Configure the SQL model with the following settings:

  • Use the incremental filter to only scan rows newer than the latest timestamp already in the target.
  • Use incremental_strategy='merge' with unique_key=event_id to give you idempotent upserts (inserts + updates).
  • Cluster by date using cluster_by=['event_date'] helps with query pruning during MERGE operations (syntax varies by warehouse).
  • Run the model every few minutes to achieve a freshness service level agreement (SLA) measured in minutes, depending on ingestion and job scheduling.

The following example uses Snowflake SQL syntax (:: type casting, timestamp_ntz, cluster_by config).
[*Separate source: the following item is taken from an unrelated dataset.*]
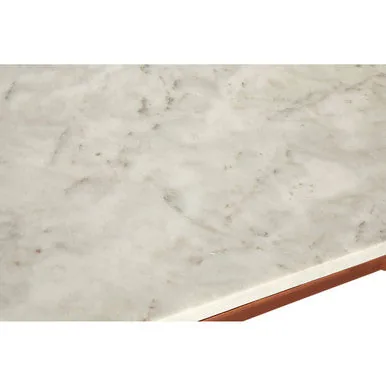 White Marble Top Coffee Table With Warm Copper Tapered Iron Legs, Nirav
Make sure you adapt the SQL and clustering syntax for your warehouse.

models/fct_events.sql
{{ config(
materialized = 'incremental',
incremental_strategy = 'merge', -- default on Snowflake
unique_key = 'event_id',
cluster_by = ['event_date'] -- helps MERGE performance (syntax varies by warehouse)
) }}

with source_events as (

select
event_id,
event_ts::timestamp_ntz as event_ts, -- Snowflake syntax for type casting
to_date(event_ts) as event_date,
user_id,
event_type,
payload
from {{ source('raw', 'events') }}

{% if is_incremental() %}
-- Only pull new/changed rows since last successful load
where event_ts >
(select max(event_ts) from {{ this }})
{% endif %}

),

deduped as (

-- optional: if the raw feed can produce duplicates
select *
from (
select
*,
row_number() over (
partition by event_id
order by event_ts desc
) as _rn
from source_events
)
where _rn = 1

)

select
event_id,
event_ts,
event_date,
user_id,
event_type,
payload
from deduped;

To ensure the best results:

  • Use clustering keys wisely for better MERGE performance.
  • Monitor MERGE performance as your table grows.
  • Consider adding a lookback window (for example, event_ts > max(event_ts) - interval '1 hour') to handle late-arriving data.
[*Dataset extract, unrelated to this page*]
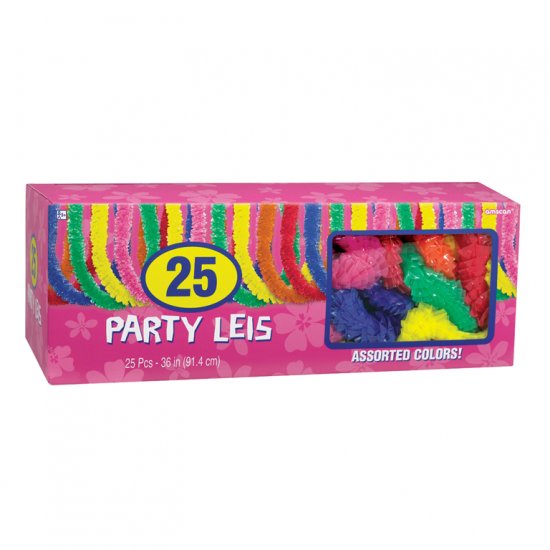 BOX OF ASSORTED POLY LEIS 25CT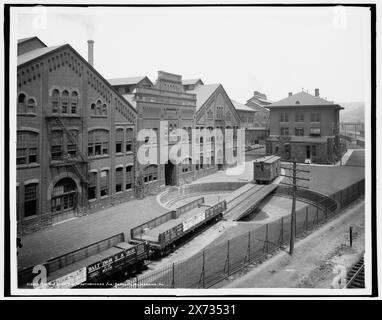 Officina meccanica, The Westinghouse Air-Brake Co., Wilmerding, Pa., negativo incrinato attraverso il centro e fissato al secondo foglio di vetro., Data basata su Detroit, Catalogo P (1906)., Detroit Publishing Co. N. 018673., Gift; State Historical Society of Colorado; 1949, Industrial Facilities. , Ferrovie. , Industria dei trasporti. , Stati Uniti, Pennsylvania, Wilmerding. Foto Stock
Pattern 2: CDC with Snowflake Streams

This pattern leverages Snowflake's native Change Data Capture (CDC) capabilities through Streams, a Snowflake-specific feature which tracks changes (inserts, updates, deletes) to source tables.

When to use CDC

When to use CDC

Use CDC when:

  • You have source tables that receive frequent updates (not just appends).
  • You need to capture both new records and changes to existing records.
  • You want to avoid full table scans on large source tables.

Setup

To use this pattern, set up the stream in your data warehouse and then create a model to consume the stream.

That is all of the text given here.